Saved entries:
==*==

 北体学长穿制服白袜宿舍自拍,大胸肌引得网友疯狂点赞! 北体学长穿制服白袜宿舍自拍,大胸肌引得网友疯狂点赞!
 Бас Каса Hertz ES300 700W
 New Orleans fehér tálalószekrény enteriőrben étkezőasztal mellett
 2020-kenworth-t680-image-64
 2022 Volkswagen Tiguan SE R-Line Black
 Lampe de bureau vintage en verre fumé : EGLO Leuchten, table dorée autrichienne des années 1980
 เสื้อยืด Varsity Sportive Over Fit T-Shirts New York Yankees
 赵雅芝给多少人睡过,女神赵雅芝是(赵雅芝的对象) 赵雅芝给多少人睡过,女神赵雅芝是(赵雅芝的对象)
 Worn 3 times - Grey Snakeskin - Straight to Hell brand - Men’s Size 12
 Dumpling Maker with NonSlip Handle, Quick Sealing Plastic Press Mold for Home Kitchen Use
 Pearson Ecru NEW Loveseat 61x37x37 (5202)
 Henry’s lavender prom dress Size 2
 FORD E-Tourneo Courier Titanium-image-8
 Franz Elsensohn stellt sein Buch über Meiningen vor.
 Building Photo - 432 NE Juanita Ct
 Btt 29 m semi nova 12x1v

==*==

→ TASK DETAILS: Set down, exactly as written, each line of the data from its opening line through the one containing "2022 Volkswagen Tiguan SE R-Line Black". Output nothing more.

→ ANSWER FOR THE TASK:
 北体学长穿制服白袜宿舍自拍,大胸肌引得网友疯狂点赞! 北体学长穿制服白袜宿舍自拍,大胸肌引得网友疯狂点赞!
 Бас Каса Hertz ES300 700W
 New Orleans fehér tálalószekrény enteriőrben étkezőasztal mellett
 2020-kenworth-t680-image-64
 2022 Volkswagen Tiguan SE R-Line Black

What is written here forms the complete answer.